Soutenant qu’un véhicule automobile tiers non identifié était impliqué dans la survenance de l’accident, Monsieur [J] [H], représenté par son conseil, a pris l’attache du Fonds de garantie des assurances obligatoires de dommages, lequel, par courrier du 1er décembre 2021, lui a notifié son refus d’intervenir au motif que l’implication d’un véhicule tiers était insuffisamment établie.
Par ordonnance de référé du 02 mai 2022, il a été fait droit à la demande d’expertise médicale de Monsieur [J] [H], et le Docteur [S] [P] a été désignée à cette fin.
En revanche, la demande de Monsieur [J] [H] tendant à obtenir une provision à valoir sur la réparation de son préjudice corporel a été rejetée en l’état d’une contestation sérieuse sur son droit à indemnisation.
Le rapport d’expertise judiciaire a été déposé le 31 mars 2023.
Le Fonds de garantie des assurances obligatoires de dommages, sollicité à nouveau par Monsieur [J] [H], a maintenu sa position.
Par actes d’huissier signifiés le 13 juillet 2023, Monsieur [J] [H] a fait assigner devant ce tribunal le Fonds de garantie des assurances obligatoires de dommages aux fins d’obtenir sa condamnation à l’indemniser des préjudices consécutifs à l’accident, au visa de la loi du 5 juillet 1985 et de l’article R421-13 du code des assurances et au contradictoire de la CPAM des Bouches-du-Rhône en qualité de tiers payeur.
1. Dans ses conclusions récapitulatives signifiées par voie électronique le 14 mars 2024, Monsieur [J] [H] sollicite du tribunal, au visa de la loi du 5 juillet 1985, des articles L421-1, R421-13, L211-22, L211-9 et L211-13 du code des assurances, de :
— condamner le Fonds de garantie des assurances obligatoires de dommages à lui payer la somme totale de 29.331,30 euros en réglement de son préjudice corporel,
— dire que la somme allouée produira intérêts au double du taux légal à compter de l’expiration du délai légal de présentation d’une offre, jusqu’au jour du jugemnet devenu définitif,
— condamner le Fonds de garantie des assurances obligatoires de dommages à lui payer la somme de 4.000 euros au titre de l’article 700 du code de procédure civile, ainsi qu’aux entiers dépens d’instance,
— ordonner ce que de droit au regard de l’exécution provisoire conformément aux dispositions de l’article 514 du code de procédure civile.

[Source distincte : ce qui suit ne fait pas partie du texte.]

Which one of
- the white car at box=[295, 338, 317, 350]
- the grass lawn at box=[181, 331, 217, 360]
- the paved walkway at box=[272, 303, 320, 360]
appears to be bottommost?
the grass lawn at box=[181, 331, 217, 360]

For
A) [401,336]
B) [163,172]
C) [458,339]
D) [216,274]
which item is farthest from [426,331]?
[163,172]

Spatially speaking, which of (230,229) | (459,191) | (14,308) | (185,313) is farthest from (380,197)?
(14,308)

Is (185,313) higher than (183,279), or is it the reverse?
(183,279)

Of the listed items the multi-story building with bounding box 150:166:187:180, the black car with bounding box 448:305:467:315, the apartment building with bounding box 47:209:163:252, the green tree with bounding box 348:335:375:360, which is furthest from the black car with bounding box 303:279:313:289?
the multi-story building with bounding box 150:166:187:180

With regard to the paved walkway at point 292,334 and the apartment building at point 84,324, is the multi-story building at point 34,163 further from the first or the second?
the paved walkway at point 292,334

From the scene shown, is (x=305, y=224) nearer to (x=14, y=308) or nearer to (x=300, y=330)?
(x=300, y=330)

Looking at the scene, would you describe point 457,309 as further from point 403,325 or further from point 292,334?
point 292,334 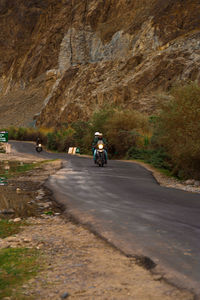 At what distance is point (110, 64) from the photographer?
1911 inches

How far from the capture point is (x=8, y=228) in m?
5.96

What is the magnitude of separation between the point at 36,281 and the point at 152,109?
34.6m

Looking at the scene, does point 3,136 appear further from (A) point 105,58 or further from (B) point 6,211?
Result: (A) point 105,58

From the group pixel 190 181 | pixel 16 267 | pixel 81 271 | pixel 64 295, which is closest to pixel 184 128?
pixel 190 181

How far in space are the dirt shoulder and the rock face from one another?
32333 mm

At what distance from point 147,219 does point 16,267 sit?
109 inches

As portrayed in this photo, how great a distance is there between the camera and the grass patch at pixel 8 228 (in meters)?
5.63

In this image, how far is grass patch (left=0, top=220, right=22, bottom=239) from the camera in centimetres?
563

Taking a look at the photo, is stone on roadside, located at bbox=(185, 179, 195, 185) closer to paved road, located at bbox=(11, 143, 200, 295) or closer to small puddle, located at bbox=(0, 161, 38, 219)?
paved road, located at bbox=(11, 143, 200, 295)

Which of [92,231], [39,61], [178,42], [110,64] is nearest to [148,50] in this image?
[178,42]

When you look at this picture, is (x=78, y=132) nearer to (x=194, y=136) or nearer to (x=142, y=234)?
(x=194, y=136)

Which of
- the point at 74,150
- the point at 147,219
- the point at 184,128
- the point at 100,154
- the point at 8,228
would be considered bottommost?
the point at 8,228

2. Dans ses conclusions récapitulatives signifiées par voie électronique le 20 novembre 2023, le Fonds de garantie des assurances obligatoires de dommages demande au tribunal, au visa des articles L421-1 et R421-13 du code des assurances, de :
— juger que le droit à indemnisation de Monsieur [J] [H] n’est pas établi en l’absence de preuve incontestable de l’implication d’un véhicule tiers dans l’accident,
— débouter Monsieur [J] [H] de toutes ses demandes,
— statuer ce que de droit sur les dépens.
Il est expressément référé, en application de l’article 455 du code de procédure civile, à l’acte introductif d’instance et aux conclusions des parties pour plus ample exposé des faits, ainsi que des moyens et prétentions respectifs.

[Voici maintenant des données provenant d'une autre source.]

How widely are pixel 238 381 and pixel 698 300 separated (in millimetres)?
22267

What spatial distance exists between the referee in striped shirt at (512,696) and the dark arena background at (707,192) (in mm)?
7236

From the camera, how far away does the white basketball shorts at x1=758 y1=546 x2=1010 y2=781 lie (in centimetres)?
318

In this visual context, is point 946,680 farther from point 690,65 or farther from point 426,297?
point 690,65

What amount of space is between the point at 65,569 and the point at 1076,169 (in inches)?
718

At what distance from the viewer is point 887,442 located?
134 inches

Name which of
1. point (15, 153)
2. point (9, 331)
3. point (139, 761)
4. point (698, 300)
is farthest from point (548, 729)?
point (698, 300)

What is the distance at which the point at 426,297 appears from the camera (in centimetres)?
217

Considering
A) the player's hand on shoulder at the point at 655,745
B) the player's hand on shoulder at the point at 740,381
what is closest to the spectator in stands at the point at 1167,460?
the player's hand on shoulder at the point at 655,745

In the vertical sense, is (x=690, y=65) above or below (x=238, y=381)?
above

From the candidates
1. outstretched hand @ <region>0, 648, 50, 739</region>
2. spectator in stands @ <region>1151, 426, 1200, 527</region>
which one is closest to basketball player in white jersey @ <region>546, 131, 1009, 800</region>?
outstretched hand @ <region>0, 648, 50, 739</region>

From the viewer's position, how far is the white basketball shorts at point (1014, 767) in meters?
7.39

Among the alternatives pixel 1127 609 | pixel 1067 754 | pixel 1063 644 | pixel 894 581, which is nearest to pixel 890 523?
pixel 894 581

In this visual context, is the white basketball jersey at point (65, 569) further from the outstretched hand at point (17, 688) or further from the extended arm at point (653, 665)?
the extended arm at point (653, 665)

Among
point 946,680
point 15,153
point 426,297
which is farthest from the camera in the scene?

3. Régulièrement assignée à personne morale, la CPAM des Bouches-du-Rhône n’a pas comparu, de sorte que la présente décision sera réputée contradictoire à l’égard de toutes les parties conformément aux dispositions de l’article 473 du code de procédure civile.

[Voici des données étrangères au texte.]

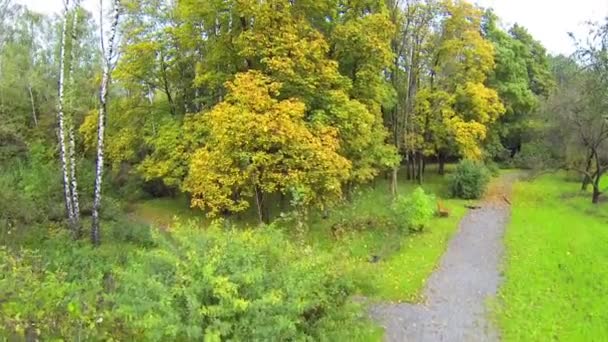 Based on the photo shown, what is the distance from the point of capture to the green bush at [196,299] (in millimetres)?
5566

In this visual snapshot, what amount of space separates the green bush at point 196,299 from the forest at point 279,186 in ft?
0.11

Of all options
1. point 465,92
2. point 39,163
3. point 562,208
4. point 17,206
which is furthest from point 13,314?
point 465,92

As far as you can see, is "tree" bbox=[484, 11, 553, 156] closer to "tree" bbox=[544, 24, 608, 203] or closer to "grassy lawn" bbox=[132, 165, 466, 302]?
"tree" bbox=[544, 24, 608, 203]

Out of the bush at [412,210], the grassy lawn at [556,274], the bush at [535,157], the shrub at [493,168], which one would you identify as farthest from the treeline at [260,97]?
the grassy lawn at [556,274]

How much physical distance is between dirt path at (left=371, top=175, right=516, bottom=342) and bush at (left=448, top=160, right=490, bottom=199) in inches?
245

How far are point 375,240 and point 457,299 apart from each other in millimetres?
4981

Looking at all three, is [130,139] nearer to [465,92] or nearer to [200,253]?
[200,253]

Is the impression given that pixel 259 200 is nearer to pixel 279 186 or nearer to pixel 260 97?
pixel 279 186

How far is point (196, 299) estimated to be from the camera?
223 inches

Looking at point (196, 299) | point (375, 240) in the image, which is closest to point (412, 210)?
point (375, 240)

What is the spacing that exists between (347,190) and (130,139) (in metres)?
9.08

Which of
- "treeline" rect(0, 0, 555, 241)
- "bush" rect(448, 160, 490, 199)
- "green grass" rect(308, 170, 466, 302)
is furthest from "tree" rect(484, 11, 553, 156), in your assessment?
"green grass" rect(308, 170, 466, 302)

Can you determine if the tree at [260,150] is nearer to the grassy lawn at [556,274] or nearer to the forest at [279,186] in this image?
the forest at [279,186]

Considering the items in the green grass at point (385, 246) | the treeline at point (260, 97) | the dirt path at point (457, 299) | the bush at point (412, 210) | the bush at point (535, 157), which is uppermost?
the treeline at point (260, 97) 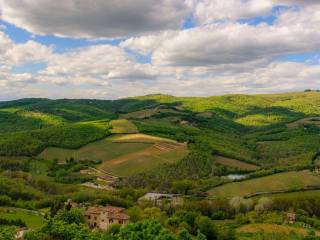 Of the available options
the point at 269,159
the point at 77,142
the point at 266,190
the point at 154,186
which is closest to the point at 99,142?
the point at 77,142

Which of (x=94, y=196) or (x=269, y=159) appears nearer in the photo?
(x=94, y=196)

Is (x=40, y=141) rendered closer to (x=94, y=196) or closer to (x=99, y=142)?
(x=99, y=142)

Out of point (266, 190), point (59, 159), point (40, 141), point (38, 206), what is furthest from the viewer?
point (40, 141)

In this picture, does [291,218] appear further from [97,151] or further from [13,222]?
[97,151]

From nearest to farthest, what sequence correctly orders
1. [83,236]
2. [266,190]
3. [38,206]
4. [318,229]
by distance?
[83,236] → [318,229] → [38,206] → [266,190]

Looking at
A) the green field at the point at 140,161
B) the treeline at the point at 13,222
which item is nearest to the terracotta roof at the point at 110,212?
the treeline at the point at 13,222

Elle n’a pas notifié au tribunal le montant des débours définitifs exposés de ce chef, ainsi que l’y autorise pourtant expressément l’article 15 du décret du 06 janvier 1986.
Le demandeur ne les communique pas – mais ne formule toutefois aucune demande au titre des postes de préjudices soumis à recours.
Par ordonnance du 19 avril 2024, la clôture de l’instruction de l’affaire a été prononcée avec effet différé au 20 décembre 2024, et l’affaire fixée pour être plaidée à l’audience de ce tribunal du 14 mars 2025.
Cependant, les contraintes d’effectifs du tribunal ont conduit à ce que la date d’audience soit reportée au 27 juin 2025.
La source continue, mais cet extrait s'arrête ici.